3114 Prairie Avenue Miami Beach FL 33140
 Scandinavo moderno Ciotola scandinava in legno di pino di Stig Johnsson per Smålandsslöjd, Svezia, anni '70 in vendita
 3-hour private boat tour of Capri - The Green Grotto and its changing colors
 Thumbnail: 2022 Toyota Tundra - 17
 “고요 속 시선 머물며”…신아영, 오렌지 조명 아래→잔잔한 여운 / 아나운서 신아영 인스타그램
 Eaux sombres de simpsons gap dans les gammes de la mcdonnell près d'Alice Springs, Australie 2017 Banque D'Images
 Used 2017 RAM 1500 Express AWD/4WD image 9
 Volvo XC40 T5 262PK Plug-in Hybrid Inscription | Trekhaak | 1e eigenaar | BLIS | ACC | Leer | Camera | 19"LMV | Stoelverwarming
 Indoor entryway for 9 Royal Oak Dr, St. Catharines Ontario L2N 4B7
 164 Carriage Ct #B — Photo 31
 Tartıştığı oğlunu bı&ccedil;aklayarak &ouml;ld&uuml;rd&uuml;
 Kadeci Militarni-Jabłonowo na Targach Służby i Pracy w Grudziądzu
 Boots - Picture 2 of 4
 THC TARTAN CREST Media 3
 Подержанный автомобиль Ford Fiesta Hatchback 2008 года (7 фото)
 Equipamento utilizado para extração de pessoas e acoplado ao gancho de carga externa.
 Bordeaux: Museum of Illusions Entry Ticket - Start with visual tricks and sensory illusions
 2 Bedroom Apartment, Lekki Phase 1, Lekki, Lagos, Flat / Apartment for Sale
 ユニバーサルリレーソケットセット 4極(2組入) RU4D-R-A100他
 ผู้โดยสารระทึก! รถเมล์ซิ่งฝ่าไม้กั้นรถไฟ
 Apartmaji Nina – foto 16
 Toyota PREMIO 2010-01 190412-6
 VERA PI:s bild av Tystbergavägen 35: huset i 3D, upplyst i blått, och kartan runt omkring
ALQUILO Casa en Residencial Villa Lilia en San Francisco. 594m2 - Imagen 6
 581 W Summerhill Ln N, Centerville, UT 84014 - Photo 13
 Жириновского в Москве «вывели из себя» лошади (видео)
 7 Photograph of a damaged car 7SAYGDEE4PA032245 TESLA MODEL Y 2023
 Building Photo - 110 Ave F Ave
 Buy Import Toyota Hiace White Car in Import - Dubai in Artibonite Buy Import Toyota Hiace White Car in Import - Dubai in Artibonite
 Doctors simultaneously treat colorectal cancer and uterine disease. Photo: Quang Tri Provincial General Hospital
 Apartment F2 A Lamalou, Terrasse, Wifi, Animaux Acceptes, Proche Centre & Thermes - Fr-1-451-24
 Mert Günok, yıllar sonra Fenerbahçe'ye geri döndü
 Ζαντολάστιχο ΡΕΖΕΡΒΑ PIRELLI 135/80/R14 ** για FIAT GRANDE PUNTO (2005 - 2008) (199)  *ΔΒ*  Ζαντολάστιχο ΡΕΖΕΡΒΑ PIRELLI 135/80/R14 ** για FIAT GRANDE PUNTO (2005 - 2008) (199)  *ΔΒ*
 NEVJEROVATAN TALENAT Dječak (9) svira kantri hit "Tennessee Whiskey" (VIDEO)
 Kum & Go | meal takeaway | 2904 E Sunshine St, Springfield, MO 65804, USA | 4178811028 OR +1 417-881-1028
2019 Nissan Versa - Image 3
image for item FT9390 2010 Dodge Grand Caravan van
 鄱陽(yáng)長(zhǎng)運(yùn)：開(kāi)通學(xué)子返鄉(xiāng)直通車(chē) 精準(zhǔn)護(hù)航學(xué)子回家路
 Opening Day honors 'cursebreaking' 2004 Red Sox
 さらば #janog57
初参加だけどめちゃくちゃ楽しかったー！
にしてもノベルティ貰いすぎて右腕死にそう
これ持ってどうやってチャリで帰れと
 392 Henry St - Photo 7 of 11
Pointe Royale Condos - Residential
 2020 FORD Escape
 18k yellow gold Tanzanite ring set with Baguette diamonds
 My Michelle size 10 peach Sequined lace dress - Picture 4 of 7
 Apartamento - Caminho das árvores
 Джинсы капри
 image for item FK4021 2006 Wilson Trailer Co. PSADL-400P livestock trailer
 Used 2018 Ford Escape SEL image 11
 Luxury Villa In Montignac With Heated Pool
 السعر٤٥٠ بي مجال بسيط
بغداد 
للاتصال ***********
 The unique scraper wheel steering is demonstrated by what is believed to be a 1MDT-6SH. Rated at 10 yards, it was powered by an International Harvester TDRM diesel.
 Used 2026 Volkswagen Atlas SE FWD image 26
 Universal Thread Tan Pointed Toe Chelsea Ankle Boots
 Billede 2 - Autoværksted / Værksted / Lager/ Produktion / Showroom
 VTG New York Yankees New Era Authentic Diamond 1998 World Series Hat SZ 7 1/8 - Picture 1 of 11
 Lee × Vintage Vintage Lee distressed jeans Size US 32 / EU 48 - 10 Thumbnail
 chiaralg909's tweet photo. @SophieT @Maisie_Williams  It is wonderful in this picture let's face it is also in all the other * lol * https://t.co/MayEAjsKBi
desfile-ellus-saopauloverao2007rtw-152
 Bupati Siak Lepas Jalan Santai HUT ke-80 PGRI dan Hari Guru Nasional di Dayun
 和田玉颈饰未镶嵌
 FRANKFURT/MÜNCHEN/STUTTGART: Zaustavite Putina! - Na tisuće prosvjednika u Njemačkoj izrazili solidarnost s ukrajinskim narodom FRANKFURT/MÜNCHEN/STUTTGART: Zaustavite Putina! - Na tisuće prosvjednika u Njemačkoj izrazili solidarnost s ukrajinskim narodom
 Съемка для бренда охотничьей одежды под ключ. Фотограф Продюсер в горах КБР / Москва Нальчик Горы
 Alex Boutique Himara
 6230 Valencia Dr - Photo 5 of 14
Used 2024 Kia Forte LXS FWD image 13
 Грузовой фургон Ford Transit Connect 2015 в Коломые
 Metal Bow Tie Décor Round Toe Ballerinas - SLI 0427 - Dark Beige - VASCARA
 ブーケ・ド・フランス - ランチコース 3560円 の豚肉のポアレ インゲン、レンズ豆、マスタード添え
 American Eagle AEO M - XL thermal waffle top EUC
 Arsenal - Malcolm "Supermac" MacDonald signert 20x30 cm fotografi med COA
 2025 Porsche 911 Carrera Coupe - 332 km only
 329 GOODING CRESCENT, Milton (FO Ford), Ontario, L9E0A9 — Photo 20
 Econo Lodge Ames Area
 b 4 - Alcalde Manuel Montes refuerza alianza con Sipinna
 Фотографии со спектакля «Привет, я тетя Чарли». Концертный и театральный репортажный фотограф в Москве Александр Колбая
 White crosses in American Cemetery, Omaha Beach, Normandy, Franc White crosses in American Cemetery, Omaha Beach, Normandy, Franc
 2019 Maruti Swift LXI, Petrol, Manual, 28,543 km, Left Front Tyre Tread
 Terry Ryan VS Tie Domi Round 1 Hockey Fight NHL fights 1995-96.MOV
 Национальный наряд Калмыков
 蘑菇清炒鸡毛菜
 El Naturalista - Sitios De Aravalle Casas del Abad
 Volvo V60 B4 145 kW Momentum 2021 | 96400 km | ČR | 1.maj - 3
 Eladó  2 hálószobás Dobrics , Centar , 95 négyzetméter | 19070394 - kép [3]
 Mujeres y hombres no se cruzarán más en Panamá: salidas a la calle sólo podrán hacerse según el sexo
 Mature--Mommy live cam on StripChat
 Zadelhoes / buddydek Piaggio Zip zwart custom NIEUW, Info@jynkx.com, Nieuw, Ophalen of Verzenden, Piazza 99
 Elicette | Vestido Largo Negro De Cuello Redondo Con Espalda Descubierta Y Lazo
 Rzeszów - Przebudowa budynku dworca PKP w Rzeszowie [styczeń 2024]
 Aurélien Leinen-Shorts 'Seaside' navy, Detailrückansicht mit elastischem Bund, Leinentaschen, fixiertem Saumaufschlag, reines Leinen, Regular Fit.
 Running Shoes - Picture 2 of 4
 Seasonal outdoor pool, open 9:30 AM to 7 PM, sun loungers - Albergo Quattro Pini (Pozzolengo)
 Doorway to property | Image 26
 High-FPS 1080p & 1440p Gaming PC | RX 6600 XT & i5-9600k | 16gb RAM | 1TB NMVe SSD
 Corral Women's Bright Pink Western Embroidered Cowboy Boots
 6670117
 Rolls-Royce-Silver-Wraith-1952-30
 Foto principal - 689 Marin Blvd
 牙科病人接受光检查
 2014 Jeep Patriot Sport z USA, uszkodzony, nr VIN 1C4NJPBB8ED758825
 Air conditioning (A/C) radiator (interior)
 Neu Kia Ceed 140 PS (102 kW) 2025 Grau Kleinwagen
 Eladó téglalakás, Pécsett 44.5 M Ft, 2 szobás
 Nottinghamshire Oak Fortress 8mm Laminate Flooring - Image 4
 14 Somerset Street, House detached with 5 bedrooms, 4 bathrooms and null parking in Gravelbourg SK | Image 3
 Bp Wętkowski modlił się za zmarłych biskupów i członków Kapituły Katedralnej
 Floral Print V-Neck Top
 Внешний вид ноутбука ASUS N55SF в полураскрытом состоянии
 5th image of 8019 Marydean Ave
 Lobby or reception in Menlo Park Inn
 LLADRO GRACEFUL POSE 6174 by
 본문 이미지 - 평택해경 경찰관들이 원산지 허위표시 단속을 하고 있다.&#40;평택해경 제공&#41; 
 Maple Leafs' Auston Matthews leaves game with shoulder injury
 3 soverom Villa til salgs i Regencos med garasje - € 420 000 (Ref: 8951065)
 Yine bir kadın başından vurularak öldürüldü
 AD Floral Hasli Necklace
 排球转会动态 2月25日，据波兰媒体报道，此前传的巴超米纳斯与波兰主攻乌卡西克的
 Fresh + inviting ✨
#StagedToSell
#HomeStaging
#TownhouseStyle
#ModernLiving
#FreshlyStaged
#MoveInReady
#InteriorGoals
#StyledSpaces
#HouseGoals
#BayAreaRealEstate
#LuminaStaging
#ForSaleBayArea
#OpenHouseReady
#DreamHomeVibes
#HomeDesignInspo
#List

::::::::

**WORK TO COMPLETE**
Working from the material above, retype exactly the lines from the one with "Equipamento utilizado para" through the one with "これ持ってどうやってチャリで帰れと", both included, and only those lines.

**EXPECTED ANSWER**
 Equipamento utilizado para extração de pessoas e acoplado ao gancho de carga externa.
 Bordeaux: Museum of Illusions Entry Ticket - Start with visual tricks and sensory illusions
 2 Bedroom Apartment, Lekki Phase 1, Lekki, Lagos, Flat / Apartment for Sale
 ユニバーサルリレーソケットセット 4極(2組入) RU4D-R-A100他
 ผู้โดยสารระทึก! รถเมล์ซิ่งฝ่าไม้กั้นรถไฟ
 Apartmaji Nina – foto 16
 Toyota PREMIO 2010-01 190412-6
 VERA PI:s bild av Tystbergavägen 35: huset i 3D, upplyst i blått, och kartan runt omkring
ALQUILO Casa en Residencial Villa Lilia en San Francisco. 594m2 - Imagen 6
 581 W Summerhill Ln N, Centerville, UT 84014 - Photo 13
 Жириновского в Москве «вывели из себя» лошади (видео)
 7 Photograph of a damaged car 7SAYGDEE4PA032245 TESLA MODEL Y 2023
 Building Photo - 110 Ave F Ave
 Buy Import Toyota Hiace White Car in Import - Dubai in Artibonite Buy Import Toyota Hiace White Car in Import - Dubai in Artibonite
 Doctors simultaneously treat colorectal cancer and uterine disease. Photo: Quang Tri Provincial General Hospital
 Apartment F2 A Lamalou, Terrasse, Wifi, Animaux Acceptes, Proche Centre & Thermes - Fr-1-451-24
 Mert Günok, yıllar sonra Fenerbahçe'ye geri döndü
 Ζαντολάστιχο ΡΕΖΕΡΒΑ PIRELLI 135/80/R14 ** για FIAT GRANDE PUNTO (2005 - 2008) (199)  *ΔΒ*  Ζαντολάστιχο ΡΕΖΕΡΒΑ PIRELLI 135/80/R14 ** για FIAT GRANDE PUNTO (2005 - 2008) (199)  *ΔΒ*
 NEVJEROVATAN TALENAT Dječak (9) svira kantri hit "Tennessee Whiskey" (VIDEO)
 Kum & Go | meal takeaway | 2904 E Sunshine St, Springfield, MO 65804, USA | 4178811028 OR +1 417-881-1028
2019 Nissan Versa - Image 3
image for item FT9390 2010 Dodge Grand Caravan van
 鄱陽(yáng)長(zhǎng)運(yùn)：開(kāi)通學(xué)子返鄉(xiāng)直通車(chē) 精準(zhǔn)護(hù)航學(xué)子回家路
 Opening Day honors 'cursebreaking' 2004 Red Sox
 さらば #janog57
初参加だけどめちゃくちゃ楽しかったー！
にしてもノベルティ貰いすぎて右腕死にそう
これ持ってどうやってチャリで帰れと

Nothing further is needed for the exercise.